== Segment start ==
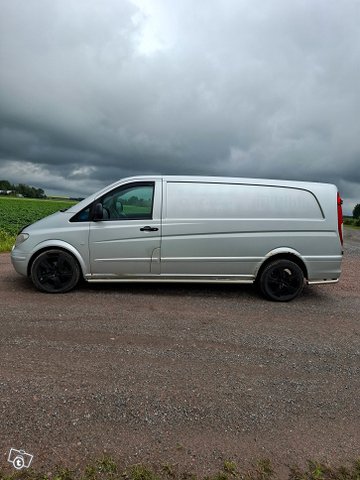 Mercedes-Benz Vito 3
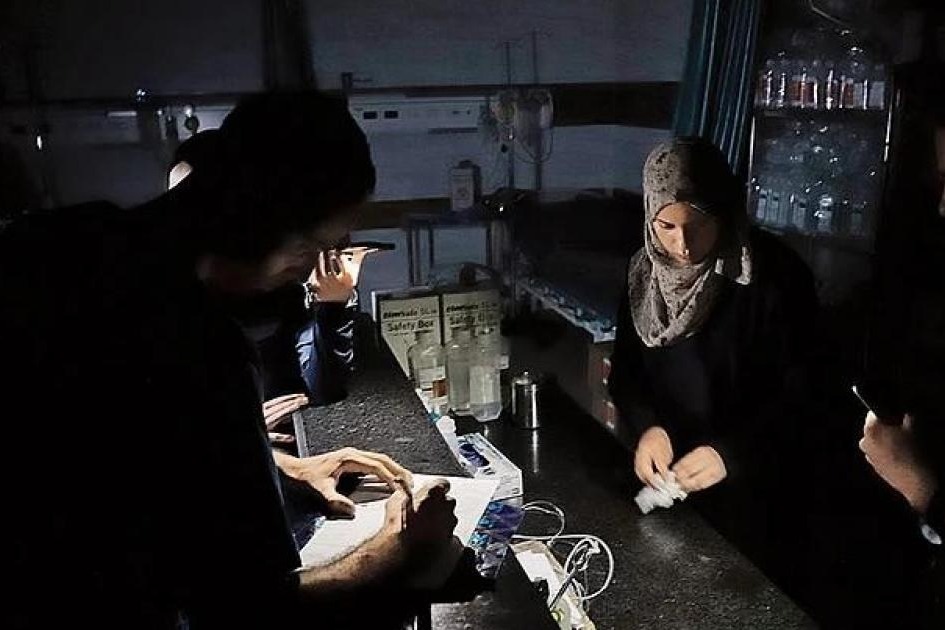 الصحة الفلسطينية: نفاذ زيوت التشغيل يهدد بتوقف مولدات مستشفيات غزة نهائيًا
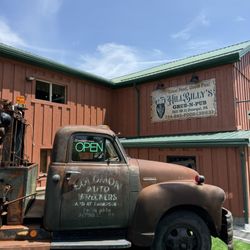 HillBilly's Grub N Pub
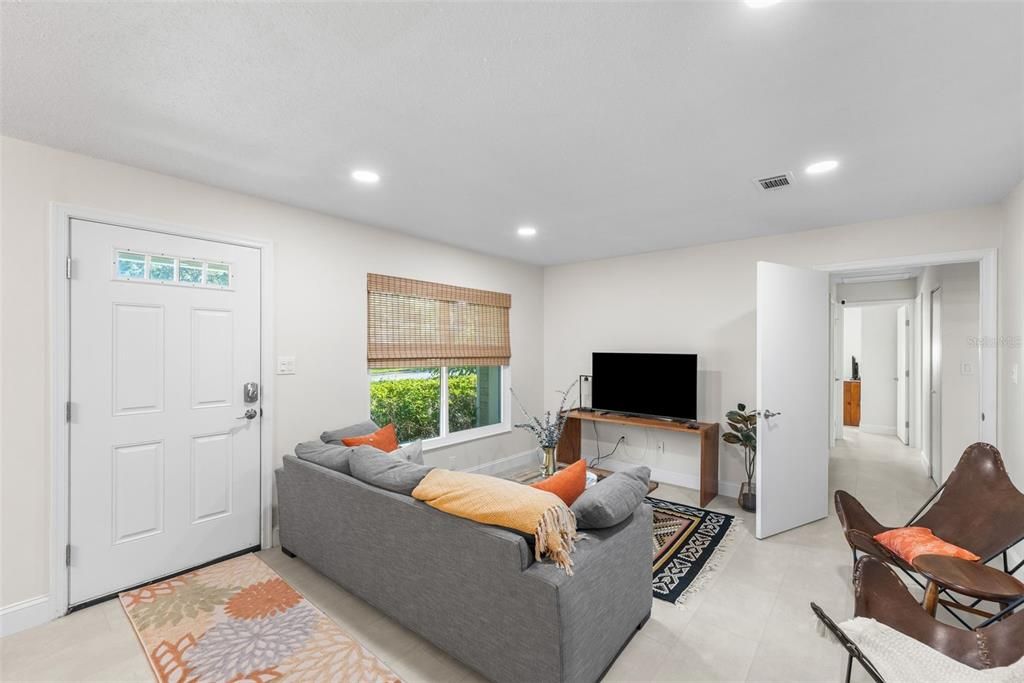 For Sale: $319,900 (3 beds, 2 baths, 1358 Square Feet)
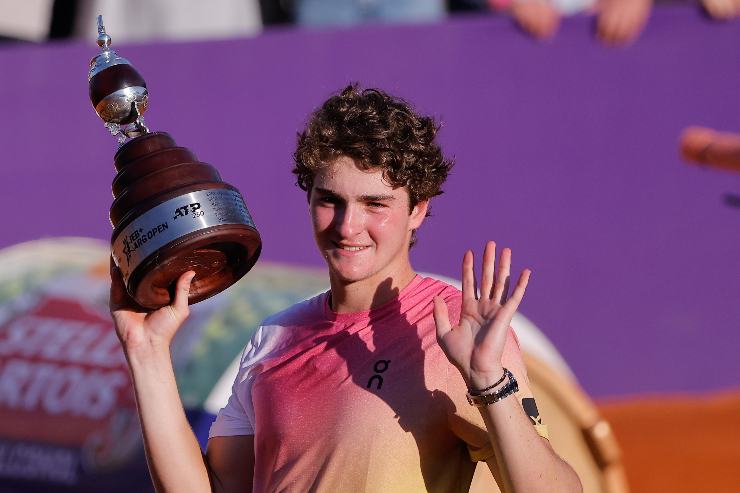Joao Fonseca con il trofeo vinto all'Atp di Buenos Aires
== Segment end ==
Description of the task » Pictures are to be left out; the listing above is otherwise to be copied exactly.

Answer for this exercise »
 Mercedes-Benz Vito 3
 الصحة الفلسطينية: نفاذ زيوت التشغيل يهدد بتوقف مولدات مستشفيات غزة نهائيًا
 HillBilly's Grub N Pub
 For Sale: $319,900 (3 beds, 2 baths, 1358 Square Feet)
Joao Fonseca con il trofeo vinto all'Atp di Buenos Aires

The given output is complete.